Le mieux est l’ennemi du bien. Le transhumaniste, au fond, est un être insatisfait. Mais au lieu d’imputer cette insatisfaction à ses carences personnelles, à ses manquements et – lâchons le mot – à ses péchés, comme nous y invite saint Paul en appelant chacun, avec l’aide de la grâce, à « revêtir l’homme nouveau » (Ep 4, 24), le transhumaniste méconnaît la perfection substantielle de la nature humaine telle que reçue du Créateur ; il s’imagine pouvoir faire mieux. Quelle illusion !

Ou, plutôt, quel illusionniste se cache donc derrière cette prétention qui serait grotesque si elle n’était pas déjà absurde ? Ce qui débouche sur une autre question. Satan sait bien que l’évolution est régressive. Mais il laisse ceux qui le servent croire au mythique Progrès mensonger. N’est-ce pas une manière d’asservir les esprits ? Seule la vérité libère !


1 C’est pourquoi l’islam est un frein psycho-sociologique pour la science : la toute-puissance d’Allah se doit d’être arbitraire. Lire à ce sujet : N. SAFIR, « La science en marge des sociétés musulmanes », Le Cep n°78, p. 24.

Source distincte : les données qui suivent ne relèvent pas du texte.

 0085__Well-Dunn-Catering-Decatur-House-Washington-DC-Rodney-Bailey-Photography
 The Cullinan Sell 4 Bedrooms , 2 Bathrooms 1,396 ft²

2 Nous avons volontairement évité ici la formule classique : « à en découvrir les lois ». Les lois que nous découvrons ne sont pas, en effet, ipso facto celles que le Créateur a posées. Elles peuvent être erronées – l’histoire des sciences le montre – et demeurent partielles : le connu n’épuise pas le réel.

3 « Tous ceux qui cherchent Dieu hors de Jésus-Christ, et qui s’arrêtent dans la nature, ou ils ne trouvent aucune lumière qui les satisfasse, ou ils arrivent à se former un moyen de connaître Dieu et de le servir sans médiateur, et par là ils tombent ou dans l’athéisme ou dans le déisme, qui sont deux choses que la religion chrétienne abhorre presque également » (Pensées n°449-556).

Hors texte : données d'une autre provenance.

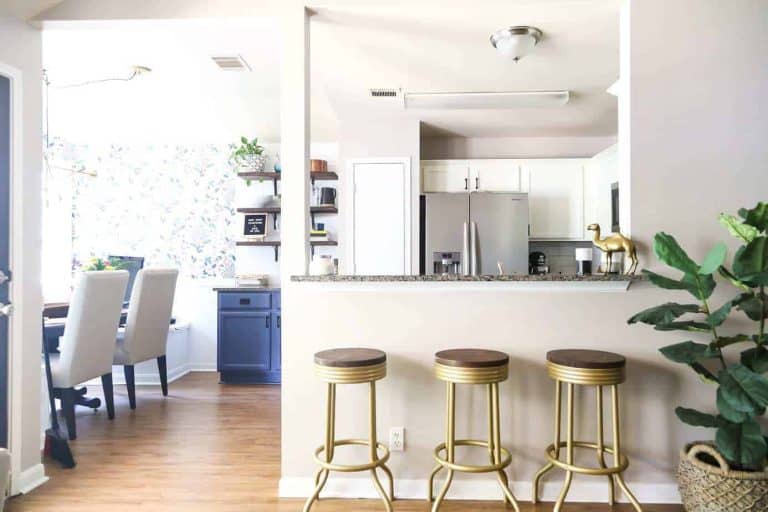 9+ DIY Bar Stools & Bar Stool Makeovers To Try For Your Kitchen
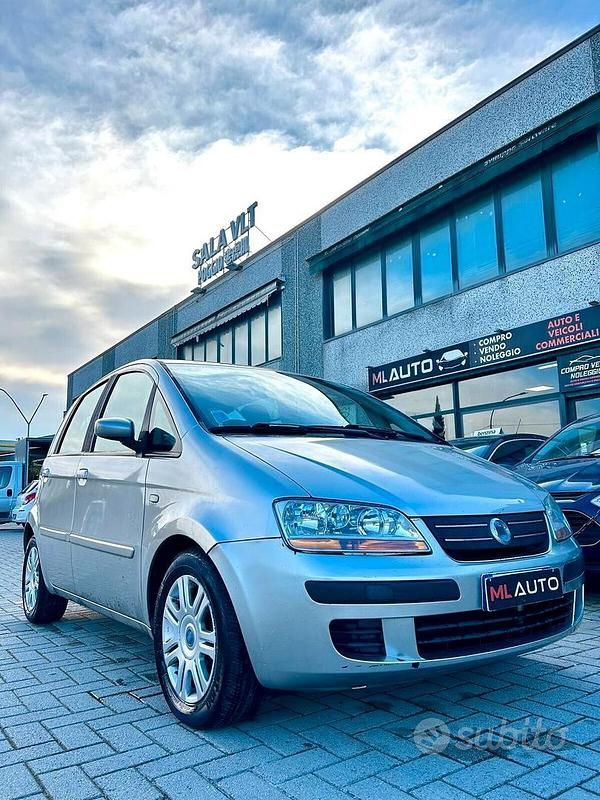 Usata Fiat Idea Emotion 70 CV (51 kW) 2004 Grigio Monovolume
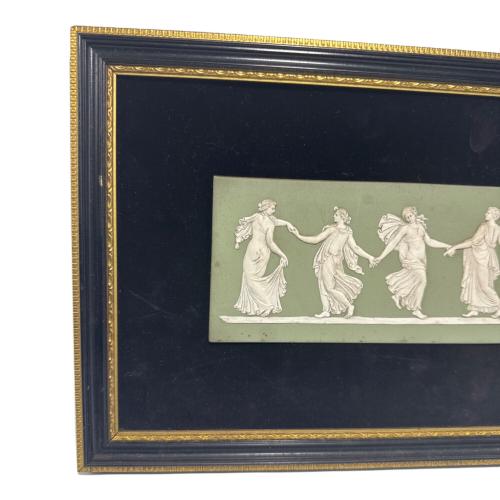 Wedgwood (ウェッジウッド) 陶額 ジャスパー “DANCING HOURS”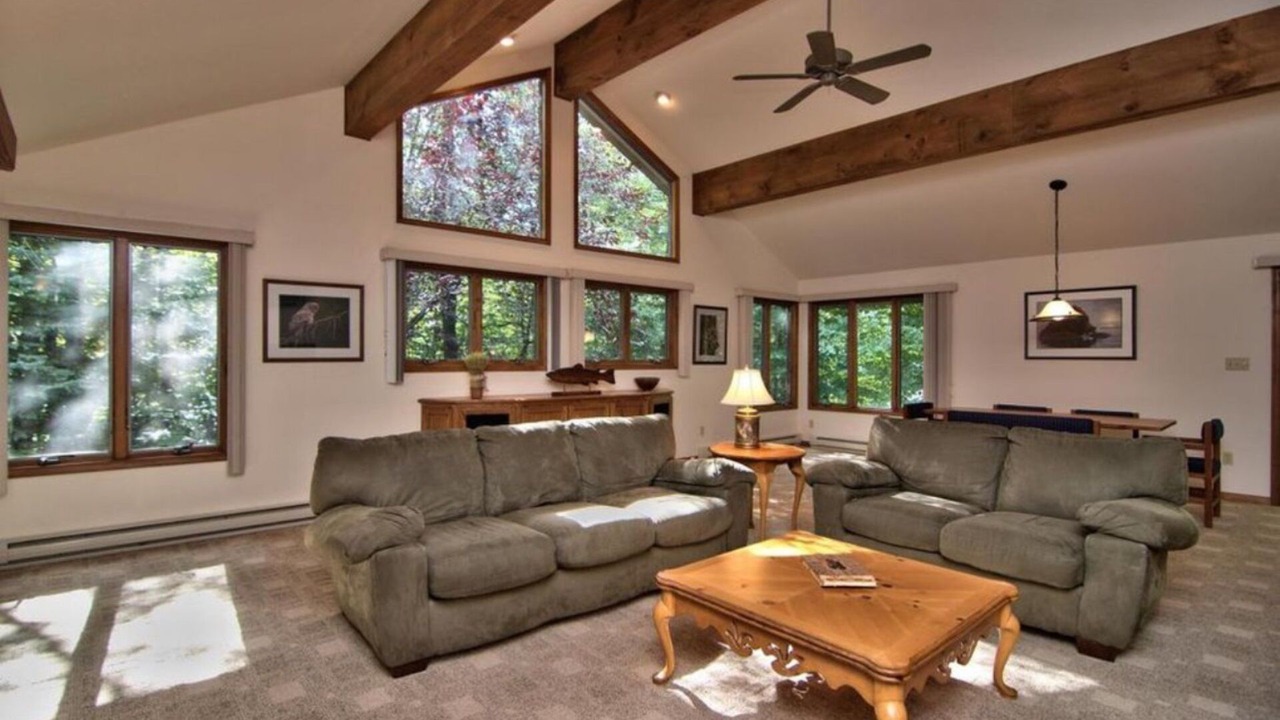 Photo of Livingroom in Pocono Pines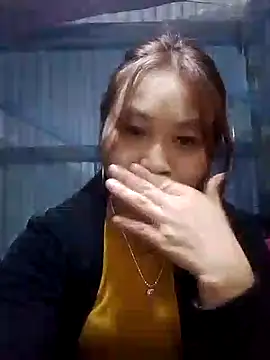 Snapshot of lusy-bae chatting on 11/19/25, 01:27 lusy-bae online show from 11/19/25, 01:27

4 On pense au célèbre Dasein, « être-là », de Heidegger, faisant ici retour explicite à la pensée grecque antique, en ignorant le concept de Création et en renouant avec une sorte d’éternité de la matière.

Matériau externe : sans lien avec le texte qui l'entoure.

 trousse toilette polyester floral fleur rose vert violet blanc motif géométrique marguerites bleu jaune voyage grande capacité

5 Â consulter sur ce thème : Frédéric GUILLAUD, Dieu existe. Arguments philosophiques, Paris, Cerf, 2013, p. 97-126.

6 Qui furent souvent les mêmes personnes, pensons aux Bacon, saint Albert, Pascal, Descartes et autres Leibniz, par exemple. L’apparition d’une science, qui ne fût pas aussi et d’abord une recherche de sagesse, est un phénomène tardif. Le titre universitaire PhD, en pays anglo-saxon, le montre bien : il s’agit toujours, d’après l’étymologie latine, Philosophiæ Doctor, d’un docteur en philosophie, quelle que soit par ailleurs sa discipline particulière.

7 Il faut ici mentionner l’existence des plantes domestiques, dotées du « gène de la domestication » (cf. J. PERNÈS, « La génétique et la domestication des céréales », Le Cep n°99, juin 2022, p. 82), et même des minéraux domestiques : fer, or, argent, silex, etc., dont les propriétés leur permettent d’accompagner le genre humain tout au long de son parcours terrestre.

8 La Bible hébraïque emploie cette formule étrange : « toute chair avait pervertiדרכו darkô sa voie, son chemin » (Gn 6, 12). Avec les manipulations génétiques et les mœurs contre nature, ne sommes-nous pas en train de revivre un moment analogue, incitant ainsi le Créateur à une nouvelle intervention ?

9 Cf. John SANFORD, L’entropie génétique, Le Séquestre, Éd. La Lumière, 2019 (commentaires et extraits significatifs dans Le Cep n° 89).

10 Ainsi la vache charolaise l’emporte par le taux de viande utile rapportée au poids de la carcasse, mais les vêlages sont difficiles, et la race, comme toutes les variétés obtenues par sélection d’ailleurs, ne survivrait pas dans la nature.